Yolani bent to examine her brain-child, the vines curling around each other and the color a brighter magenta than it had appeared yesterday. She didn’t know if she was tired and everything seemed too bright or if the pigment had actually changed again. Olive had a point, like they usually did. She hadn’t been home in a few days and she couldn’t tell anymore if the smell was the fertilizer or her. Her glasses were filthy and her bangs were stringy with sweat and neglect. She hung her head and scrubbed her face with a dirty hand, “fine, if I call Sasha in early and go home will you get off my back?”

Olive grinned, “absolutely.”

She regretted her career choice. As Yolani stood in the wings of the exhibition stage she believed she had made a huge mistake. Her palms were sweating profusely, her head was spinning, and her stomach was revolting against the avocado toast she had forced down her throat for breakfast. Somewhere in the audience, Olive was waiting to support her, and probably a few of their other friends, but she could only think about the panel of judges waiting to hear about her recent breakthrough, and if she deserved more funding to continue her research. She knew she did, Olive knew she did, and all of her interns were banking on the fact that she did, otherwise they’d be out of a job. 

“You look a little nervous, Adabooboo. Think you’ll lose your funding?”

Yolani grit her teeth and spun around, Dr. Grant stood behind her looking like the cat that got the canary, or in their case, the botanist to get the funding. “It’s Abadun, and I’m surprised you can actually conduct any botanical research if you can’t even remember a colleague’s name.”

His mouth turns up in a sneer, “I wouldn’t call you a colleague. More like an undeserving illegal immigrant who had been relying on her gender to get her through her career, only to realize that as she’s aged she’s lost her only edge.”

All his insult warranted was a raised eyebrow, and maybe a quick retort. “My class rank was higher than yours, Grant. So was my GPA, and I graduated with very little debt due to my published research and royalties I earned. I don’t see how you can use that argument when really you’re the one coasting on your father’s money.”

The sneer wavered as he tried to recover, “you’re going to regret that Abudabi.”

Applause from the direction of the stage signaled the previous presenter’s end. Yolani was next, and surprisingly this conversation eased her anxiety. “I highly doubt it, since my research will earn more funding while you fall deeper and deeper into the hole of academic embarrassment.”

Dr. Grant’s reply was cut short when the exhibition director flew into the wing. “Abadun, you ready?”

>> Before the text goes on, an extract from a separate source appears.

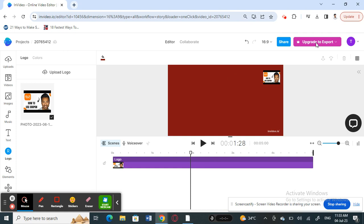You're going to simply hit on this export button. Now, you can use the free version of InVideo, but if you want access to specific features like exporting your video, you need to upgrade your plan, which means you need to pay for it.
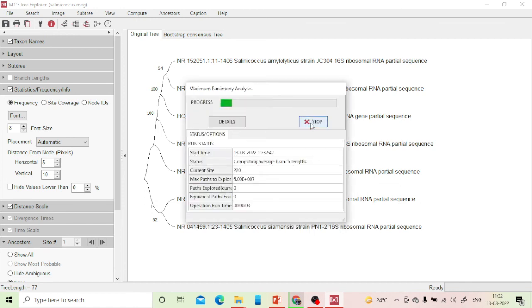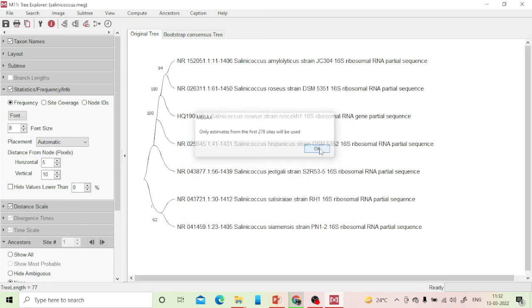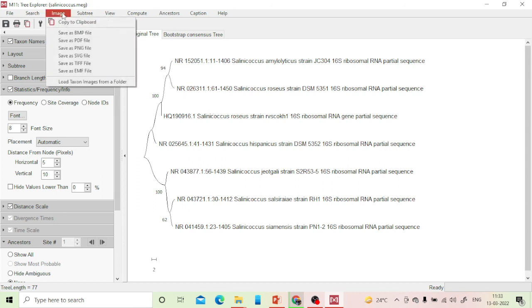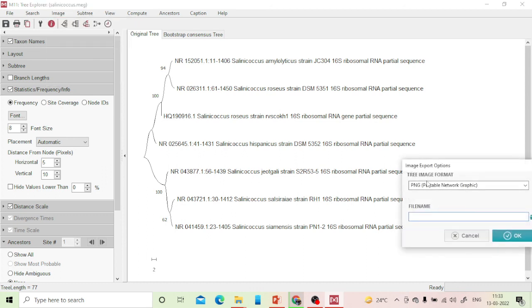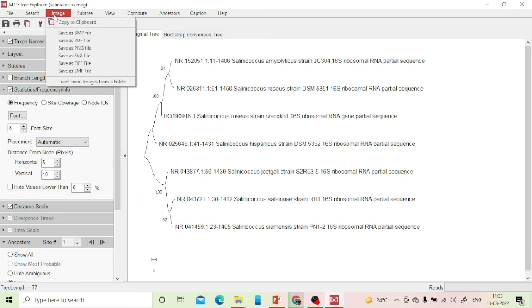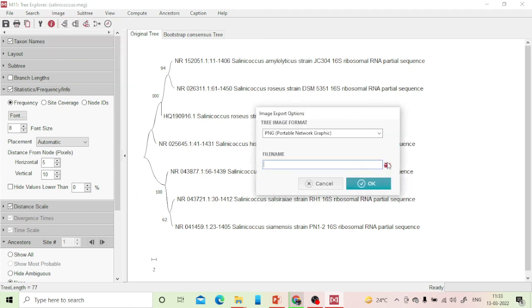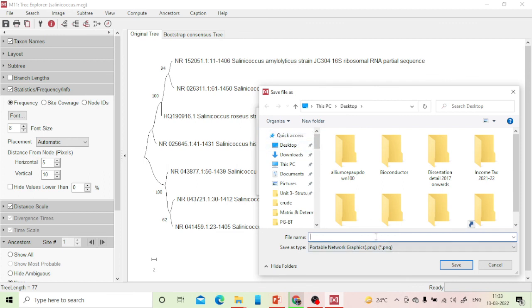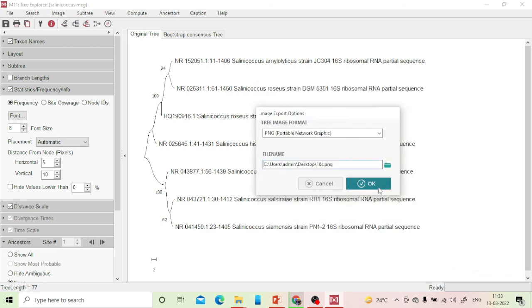The tree is in front of you and you can export it for publications. Go to 'Image' and save as PNG or any other preferred format. Select the save location — for example, the desktop — give it any name, and click Save.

She nodded, and without another glance at Grant, she stalked onto the stage while her interns wheeled in all of her models and experiments. “Good evening ladies and gentlemen, I am Dr. Yolani Abadun. I am the Lead Researcher for Cornell University’s Scientific Botanical center and I have made a massive breakthrough in the field of genetically modified plants. Before now, it was unimaginable to take a plant’s DNA, and change it to breed a whole new species. But this breakthrough will lead into the world of human DNA modification, planet regrowth, and tropical rainforest regeneration. Humans have struggled for years to unlock the ability to genetically modify the genetic makeup of a fetus before in vitro. With my experiments, we are one step closer to eliminating debilitating hereditary diseases and mutations before a fetus has even reached the mother’s womb. But what else could something like this achieve?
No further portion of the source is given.